*What to do*: Working from the start of the listing, please write out exactly the lines through the one that holds "Jožo Ráž pokrstil nový", both included, and omit all pictures.

*Data to examine*:

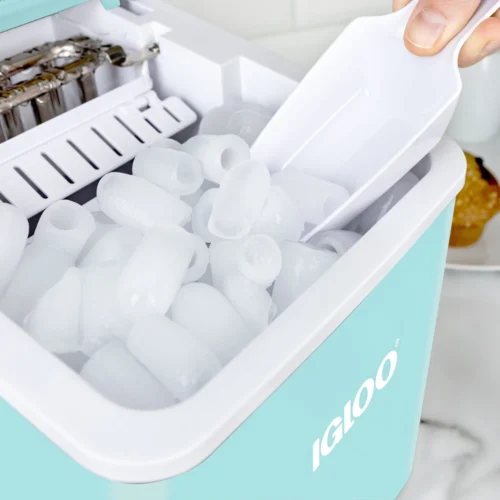 IGLOO® 26-Pound Automatic Self-Cleaning Portable Countertop Ice Maker Machine With Handle, Aqua -Nostalgia Food IGLICEB26HNAQ DL 26LBIceMakerWithHandle Scoop scaled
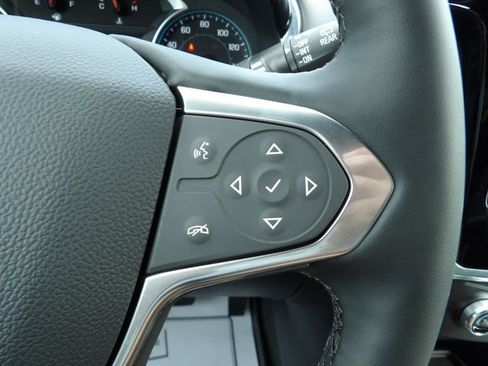 Used 2023 Chevrolet Traverse RS AWD/4WD image 18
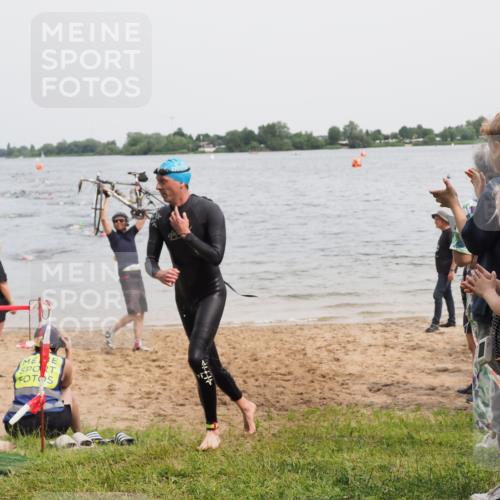 21.06.2025 - 27. Vierlanden-Triathlon MichiJ http://msf.ph/oto/8024809 15.06.2026 10:55:44 Schwimmen 712, 736 meine-sportfotos.de
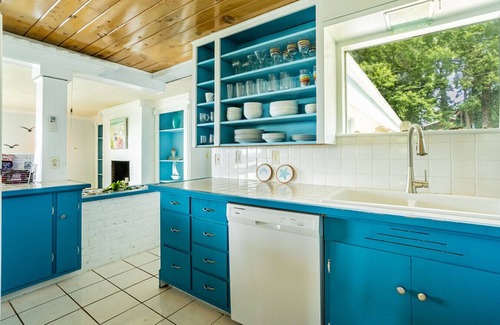 Blaine Casa | Peaceful Beachfront Getaway with Sweeping Water Views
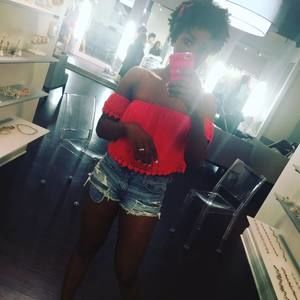 Meet your Posher, Kiki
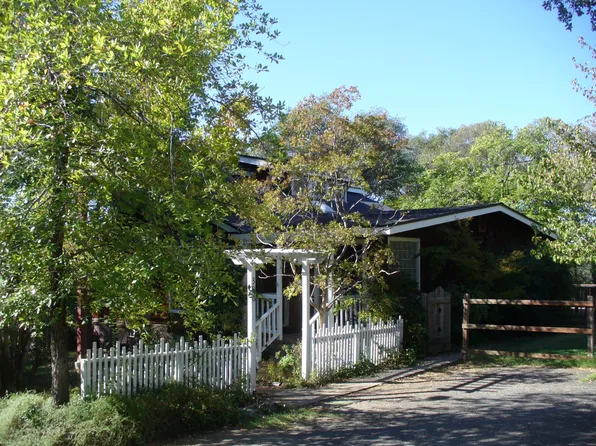 396 Flood Rd, Auburn, CA 95603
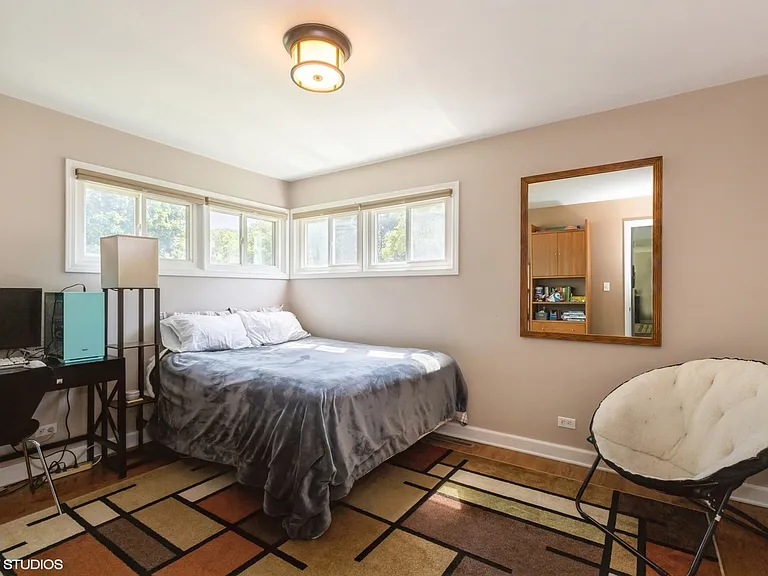 414 Drake St — Photo 6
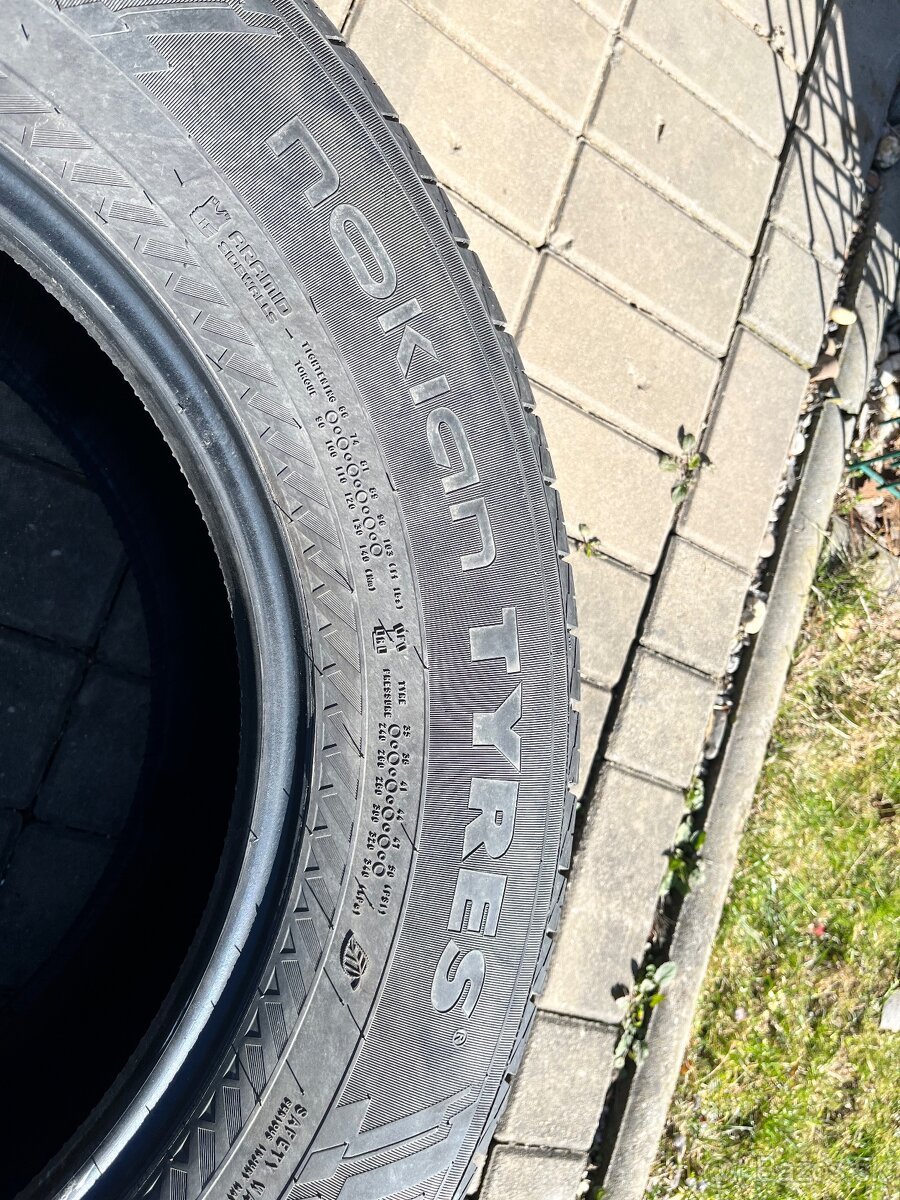 Nokian 265/65r17 - 6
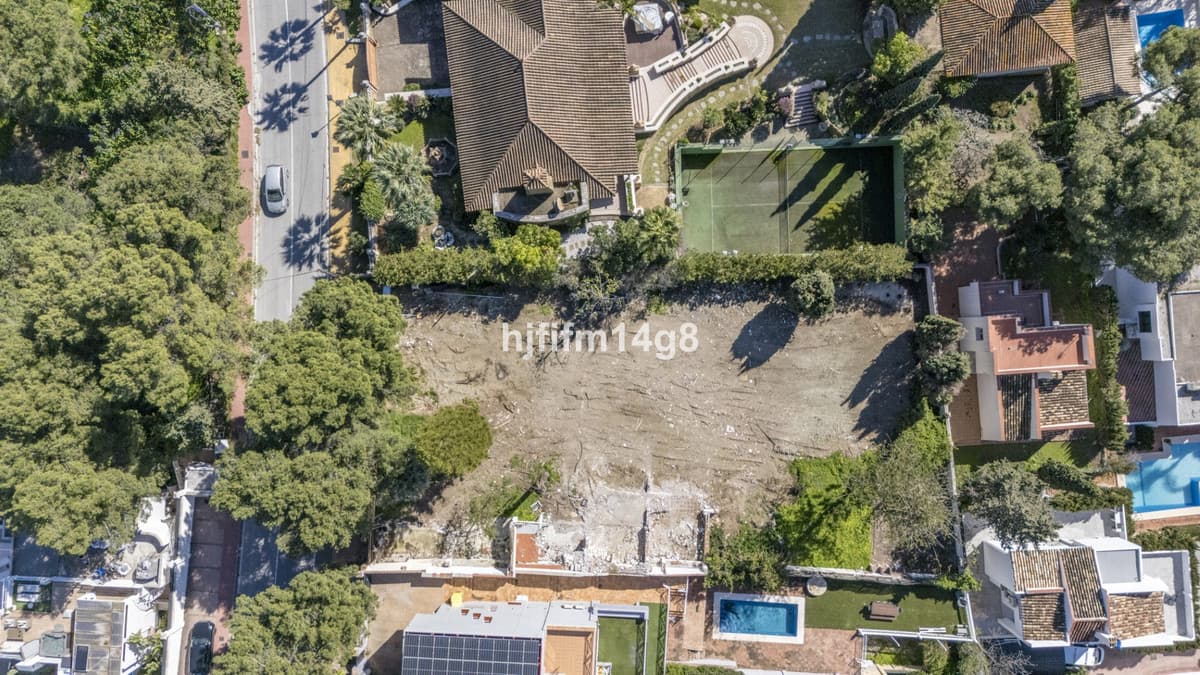 Land in Nueva Andalucía — photo 3 of 10
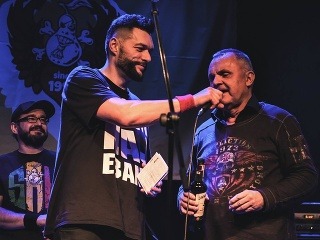 Jožo Ráž pokrstil nový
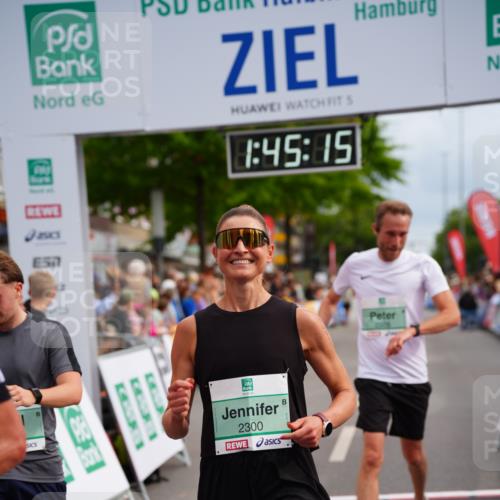 20.09.2026 - PSD Bank Halbmarathon LAZAROV Photography http://msf.ph/oto/10506757 20.09.2026 11:45:15 Ziel 1159, 1374, 1430, 2300, 2928, 2959, 3861, 3913, 3981 meine-sportfotos.de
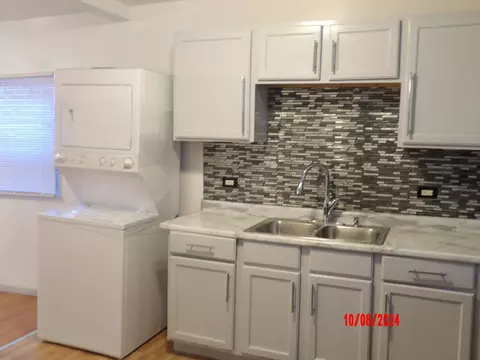 Kitchen - 15360 9th Ave, Phoenix, IL 60426 photo 4 of 6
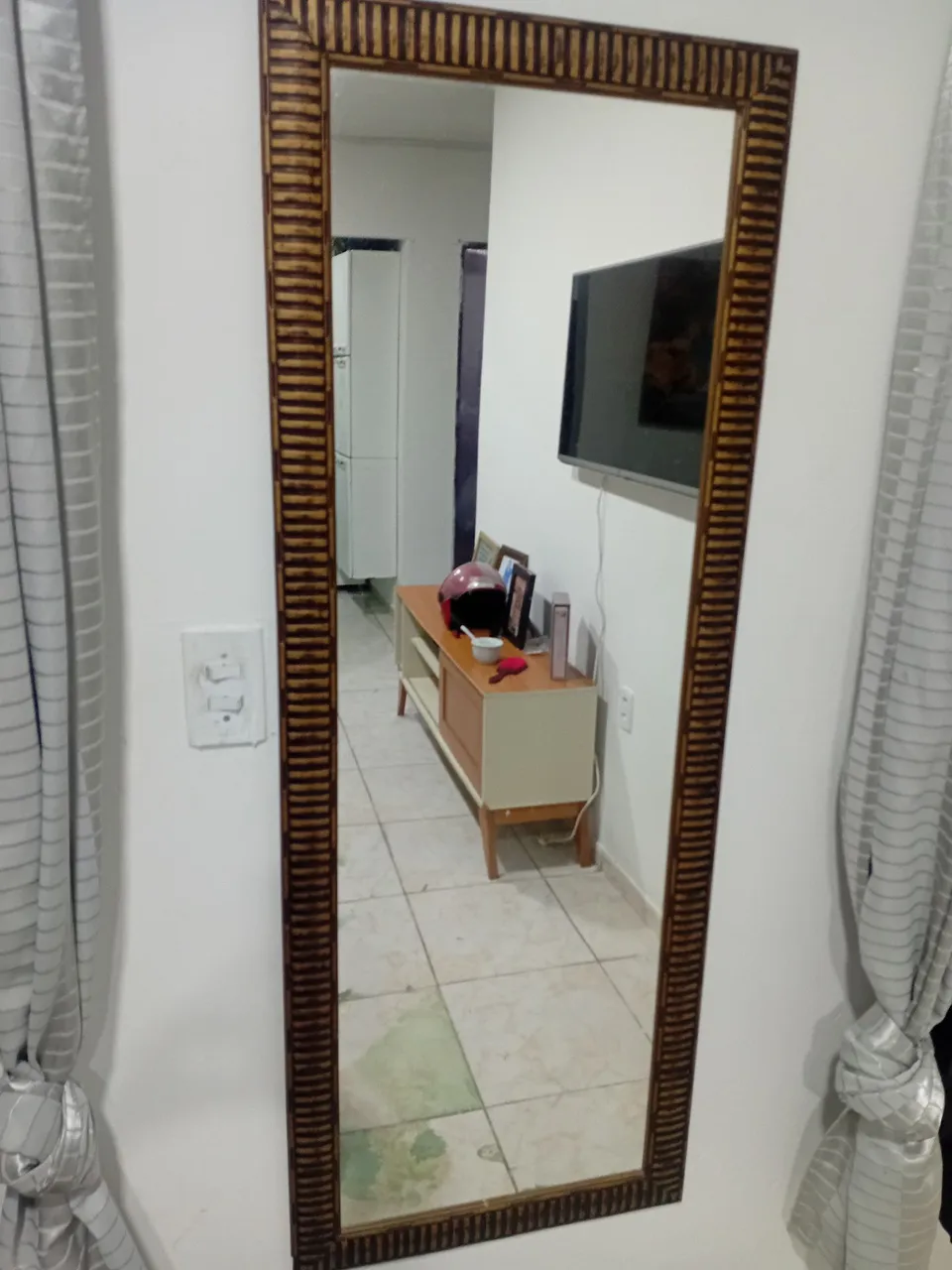 Espelho Decorativo com Moldura em Madeira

*Task answer*:
 IGLOO® 26-Pound Automatic Self-Cleaning Portable Countertop Ice Maker Machine With Handle, Aqua -Nostalgia Food IGLICEB26HNAQ DL 26LBIceMakerWithHandle Scoop scaled
 Used 2023 Chevrolet Traverse RS AWD/4WD image 18
 21.06.2025 - 27. Vierlanden-Triathlon MichiJ http://msf.ph/oto/8024809 15.06.2026 10:55:44 Schwimmen 712, 736 meine-sportfotos.de
 Blaine Casa | Peaceful Beachfront Getaway with Sweeping Water Views
 Meet your Posher, Kiki
 396 Flood Rd, Auburn, CA 95603
 414 Drake St — Photo 6
 Nokian 265/65r17 - 6
 Land in Nueva Andalucía — photo 3 of 10
 Jožo Ráž pokrstil nový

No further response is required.